--- Raw data ---
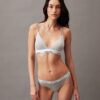 Icon Cotton Modal Lightly Lined Triangle Bralette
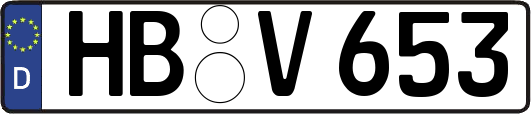 HB-V653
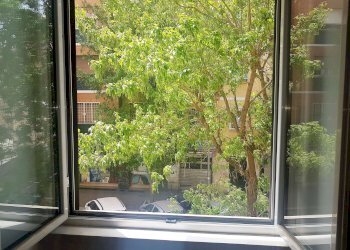 vista soggiorno - Three-room apartment via della Marranella, Roma (neighborhood Pigneto) - photo 5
---
What to produce:
The full data, repeated exactly and stripped of its pictures, is the expected answer.

Solution:
 Icon Cotton Modal Lightly Lined Triangle Bralette
 HB-V653
 vista soggiorno - Three-room apartment via della Marranella, Roma (neighborhood Pigneto) - photo 5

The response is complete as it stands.